Your answer must be the full set of records, copied exactly, with no pictures in it.

** SUPPLIED RECORDS follows **

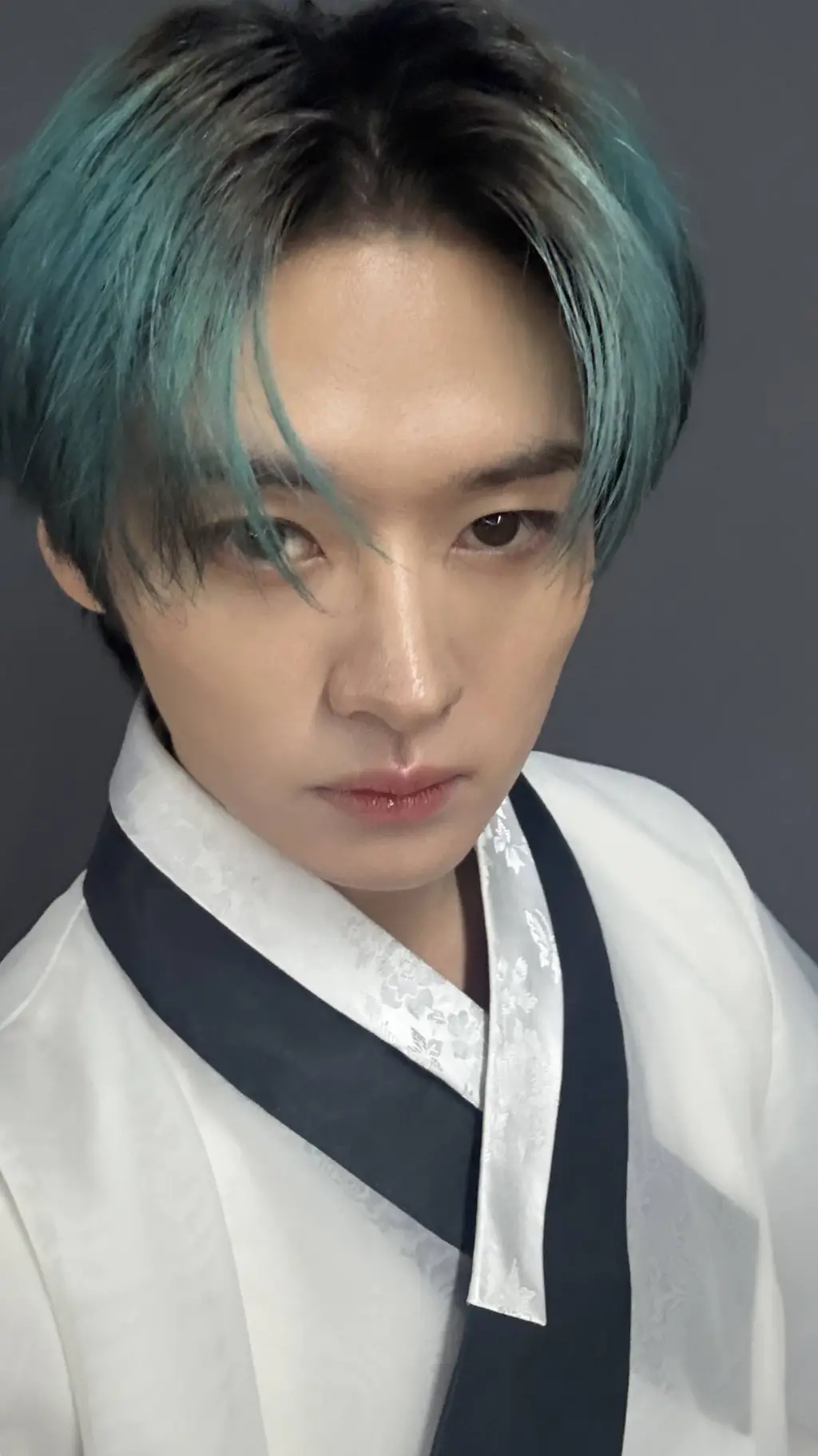 ai character: Lee Know  background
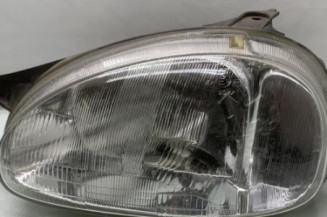 Optique avant principal gauche (feux)(phare) OPEL CORSA B Photo n°1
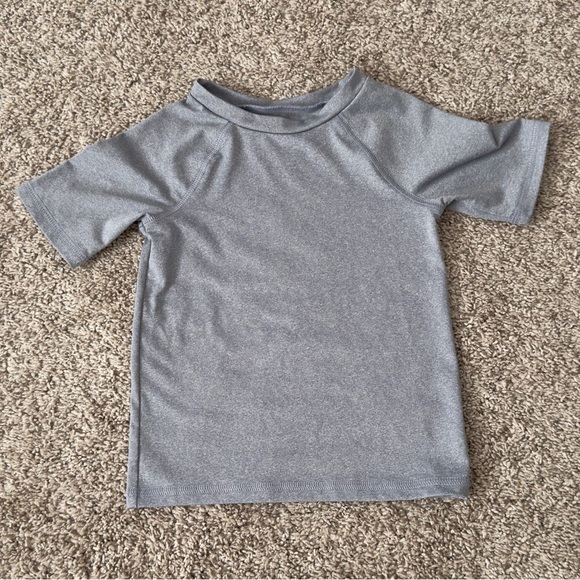 Cat & Jack baby boy toddler boys short sleeve gray rash guard size 2T - Picture 1 of 4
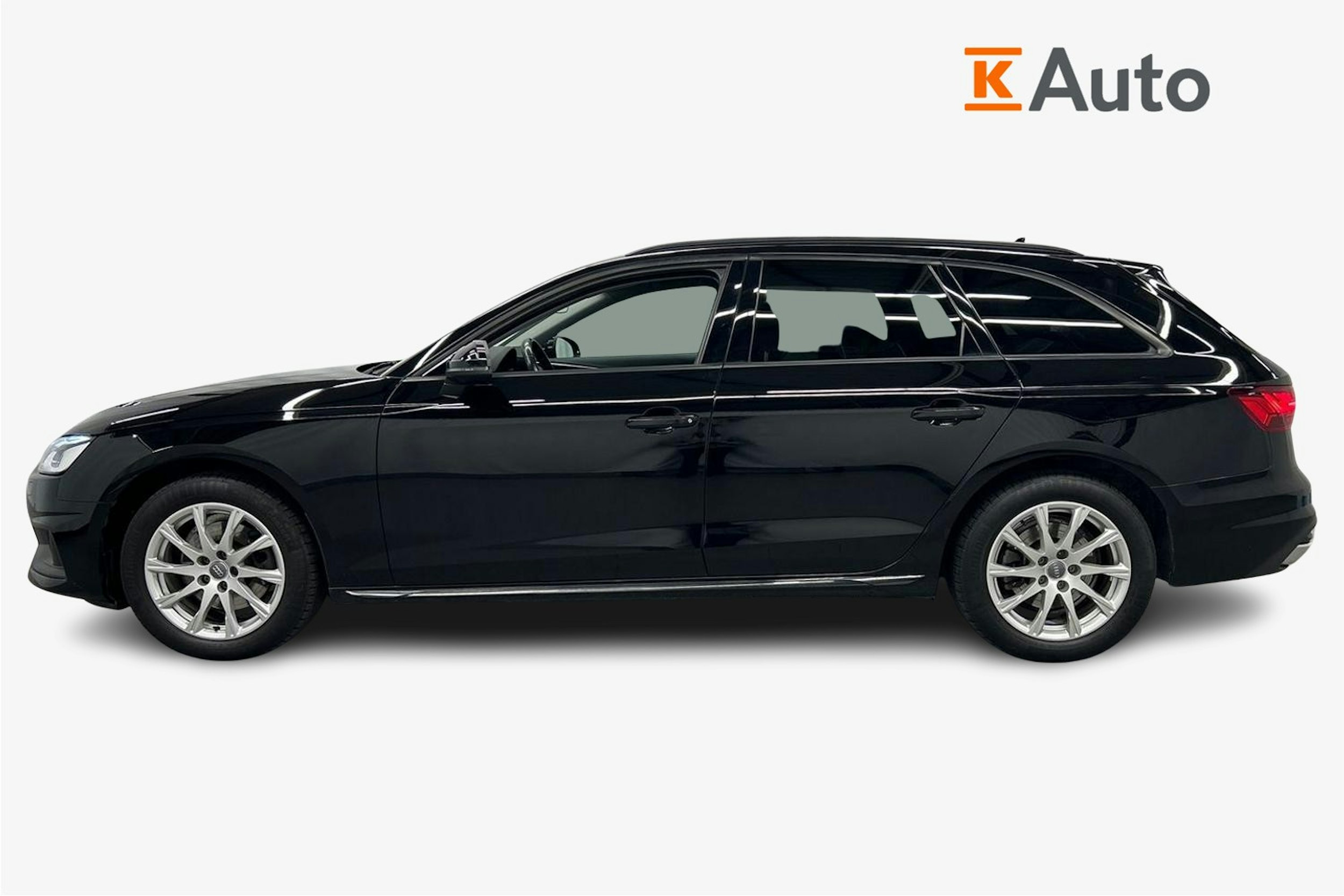 musta Audi A4 2021 kuva 6.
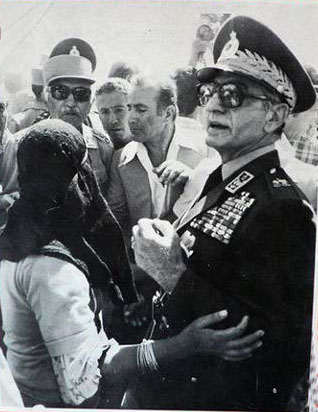 پرونده:Shah visit earthquake.jpg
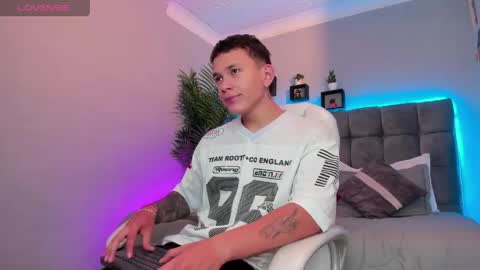 Thomas online show from 29, 4, 2026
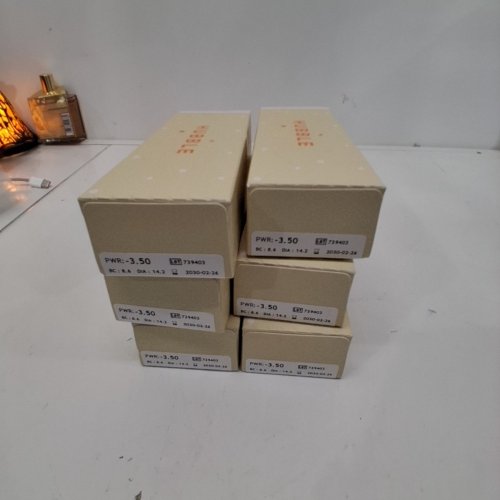 6 (15PR) ADULT HUBBLE DAILY CONTACT LENSES - B.C: 8.6 / DIA: 14.2 / -3.50 image 3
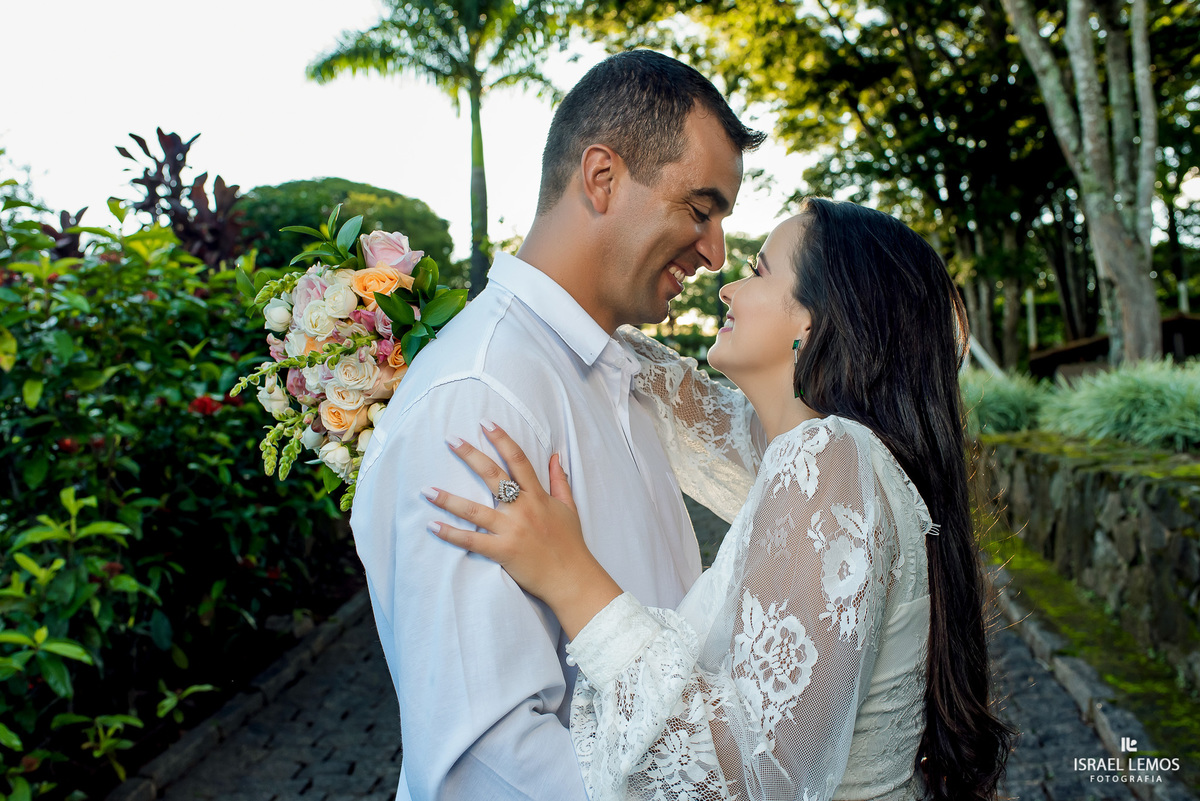 fotos de pre casamento de Alessandra xule e rafael da cidade de antunes mg tijolo fotos no shangrila e fotografo cidade de Para de minas/MG, fotografia registrada pelo fotógrafo de casamento Israel Lemos.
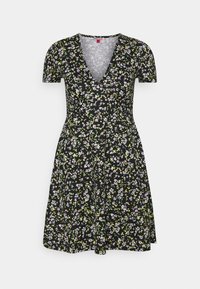 Kwiatowa sukienka na czarnym tle, krótki rękaw, głęboki dekolt w literę V oraz rozproszone białe i zielone kwiaty; rozkloszowany krój spódnicy.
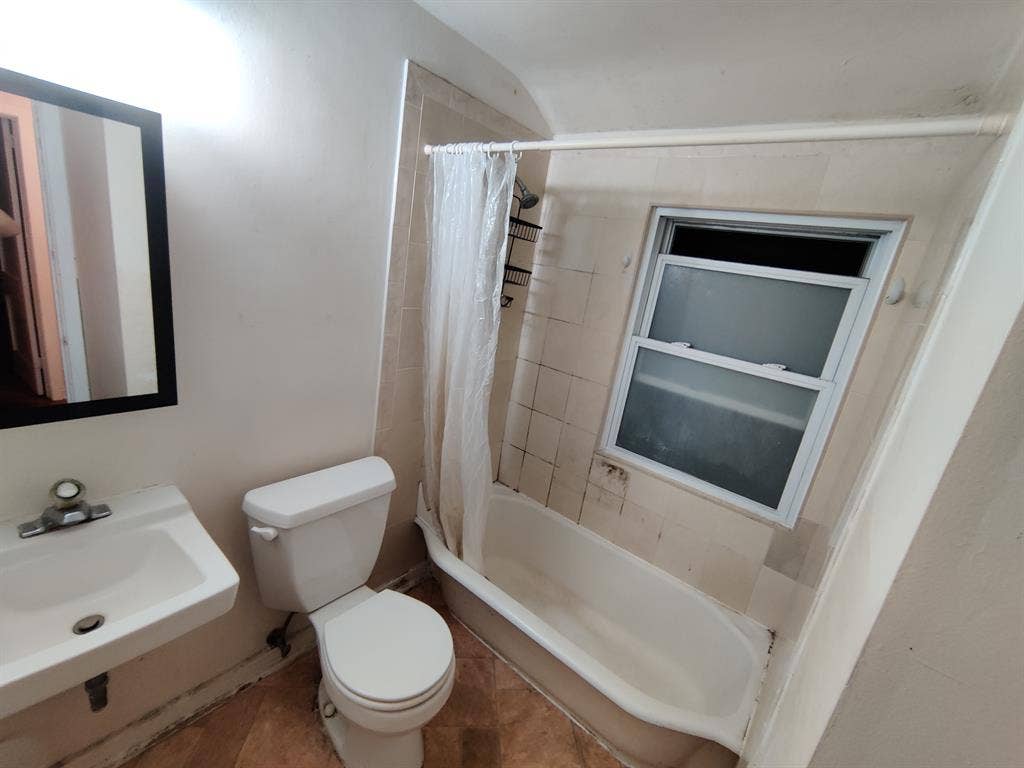 Rooms in downtown Newark, DE. UDEL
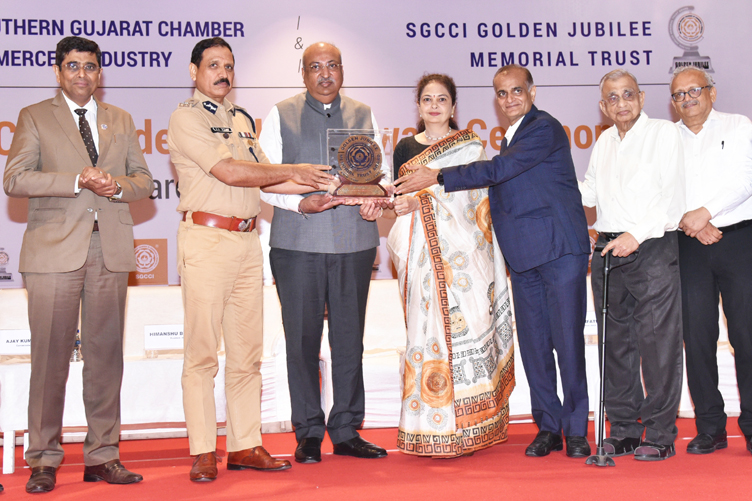 Nilesh Mandlewala, founder of Donate Life, who has inspired the movement of organ donation in Gujarat, has been honored with the “Lifetime Achievement” Award by SGCCI Golden Jubilee Memorial Trust.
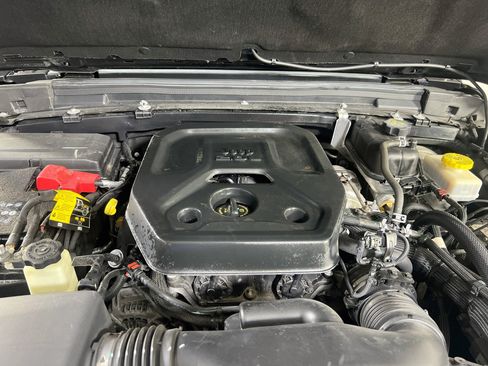 Used 2023 Jeep Wrangler Unlimited Sahara AWD/4WD image 28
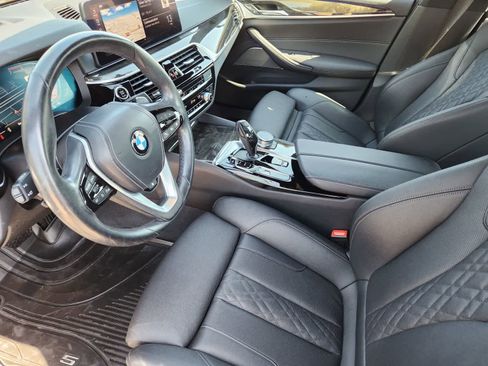 Used 2021 BMW 530i xDrive w/ Premium Package AWD/4WD image 2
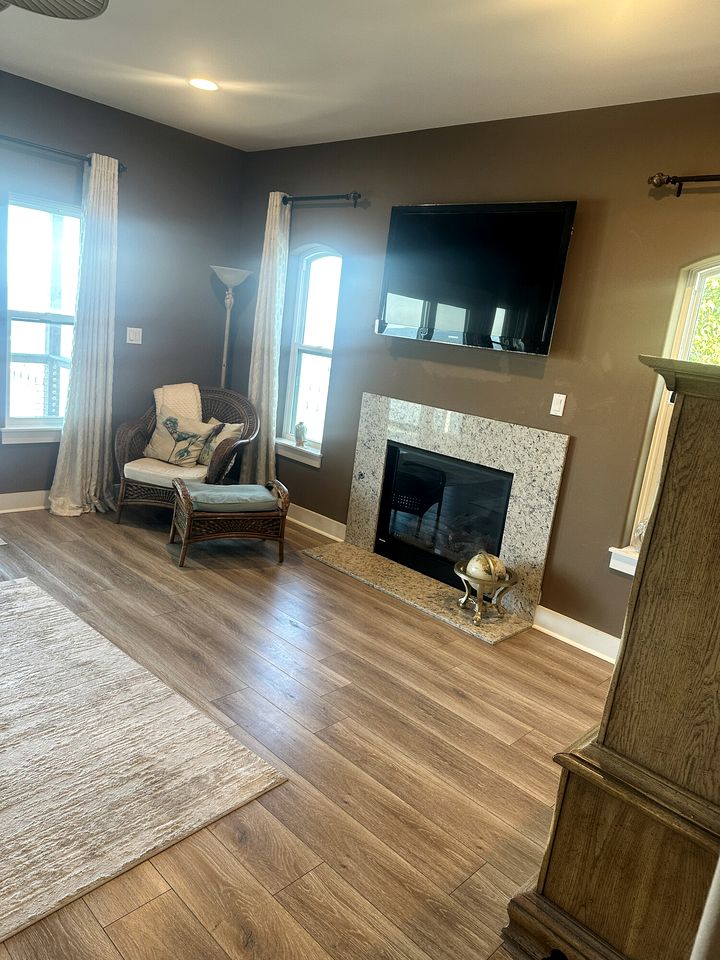 Luxury Bayfront Escape with Hot Tub & Fireplaces in Bacliff, Texas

** End of SUPPLIED RECORDS **

COMPLETED TASK:
 ai character: Lee Know  background
 Optique avant principal gauche (feux)(phare) OPEL CORSA B Photo n°1
 Cat & Jack baby boy toddler boys short sleeve gray rash guard size 2T - Picture 1 of 4
 musta Audi A4 2021 kuva 6.
 پرونده:Shah visit earthquake.jpg
 Thomas online show from 29, 4, 2026
 6 (15PR) ADULT HUBBLE DAILY CONTACT LENSES - B.C: 8.6 / DIA: 14.2 / -3.50 image 3
 fotos de pre casamento de Alessandra xule e rafael da cidade de antunes mg tijolo fotos no shangrila e fotografo cidade de Para de minas/MG, fotografia registrada pelo fotógrafo de casamento Israel Lemos.
 Kwiatowa sukienka na czarnym tle, krótki rękaw, głęboki dekolt w literę V oraz rozproszone białe i zielone kwiaty; rozkloszowany krój spódnicy.
 Rooms in downtown Newark, DE. UDEL
 Nilesh Mandlewala, founder of Donate Life, who has inspired the movement of organ donation in Gujarat, has been honored with the “Lifetime Achievement” Award by SGCCI Golden Jubilee Memorial Trust.
 Used 2023 Jeep Wrangler Unlimited Sahara AWD/4WD image 28
 Used 2021 BMW 530i xDrive w/ Premium Package AWD/4WD image 2
 Luxury Bayfront Escape with Hot Tub & Fireplaces in Bacliff, Texas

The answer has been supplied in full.